__Material provided__:
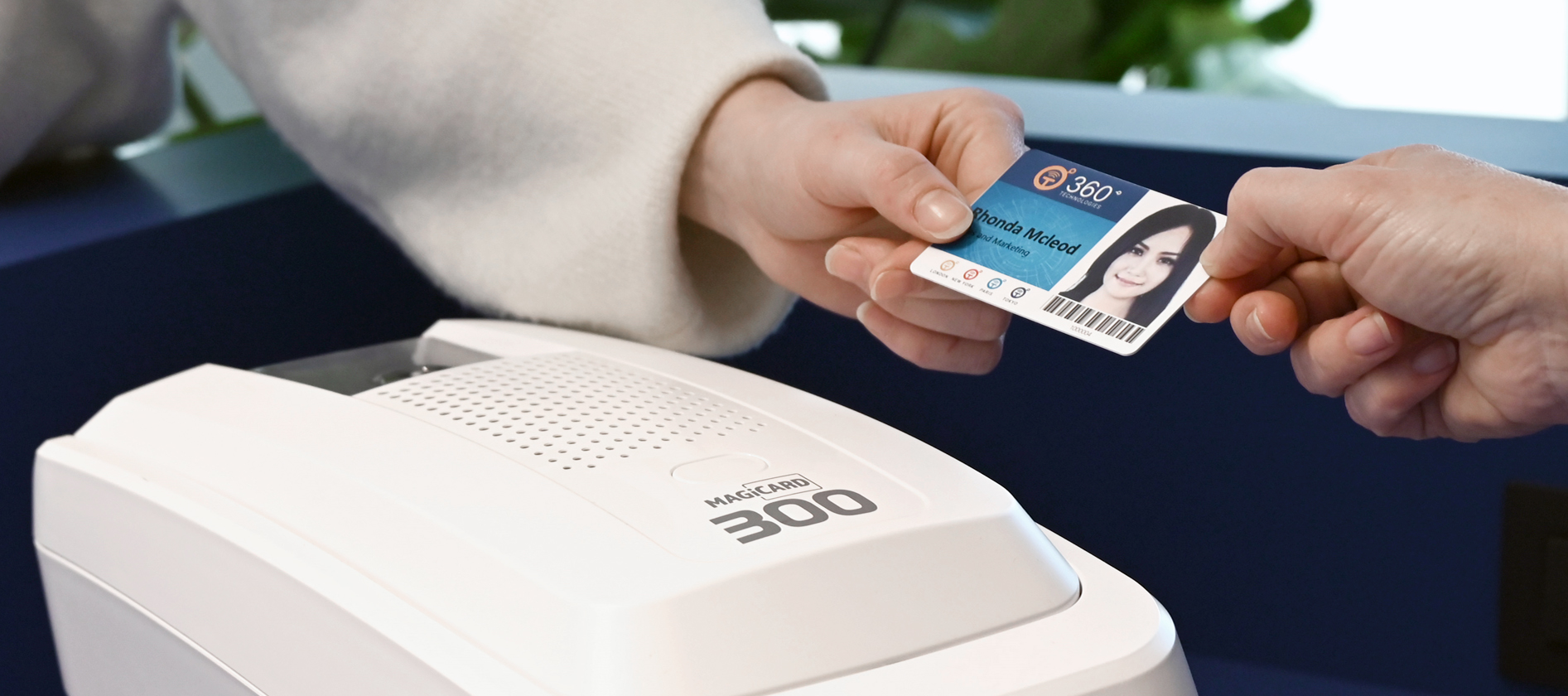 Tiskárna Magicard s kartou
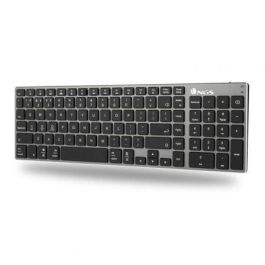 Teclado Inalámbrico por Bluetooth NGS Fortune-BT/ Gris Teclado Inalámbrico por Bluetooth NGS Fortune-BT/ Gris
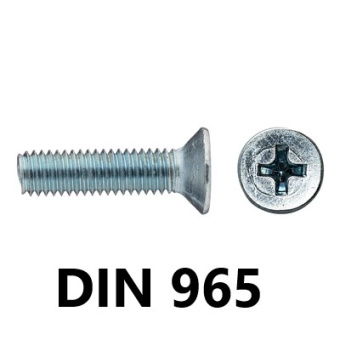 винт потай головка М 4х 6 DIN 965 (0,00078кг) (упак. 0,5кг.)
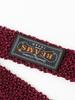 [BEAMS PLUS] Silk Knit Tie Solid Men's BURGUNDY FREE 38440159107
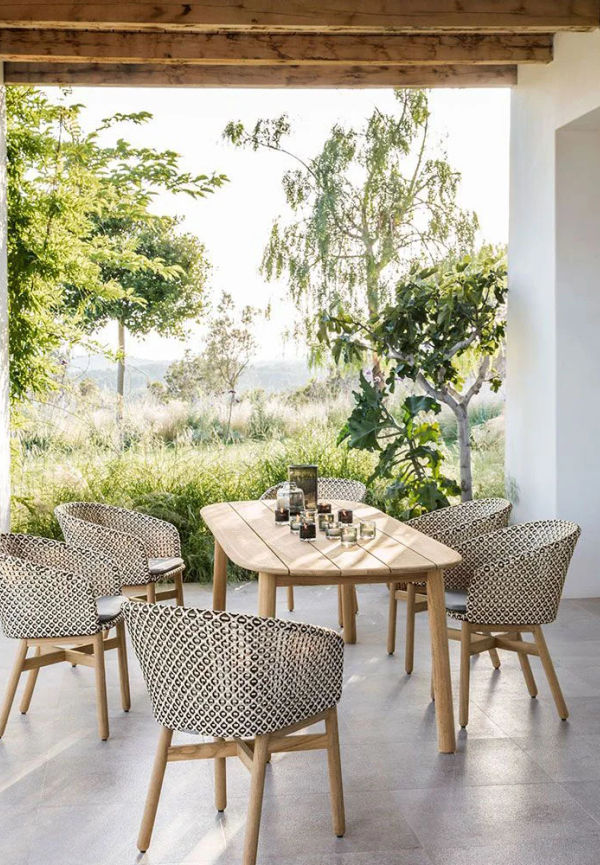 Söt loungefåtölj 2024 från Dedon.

__Aim of the exercise__: Take the line that contains "винт потай головка" and every line after it down to the last line of the entries above, and output them exactly, with nothing else and no pictures.

__Answer space__:
 винт потай головка М 4х 6 DIN 965 (0,00078кг) (упак. 0,5кг.)
 [BEAMS PLUS] Silk Knit Tie Solid Men's BURGUNDY FREE 38440159107
 Söt loungefåtölj 2024 från Dedon.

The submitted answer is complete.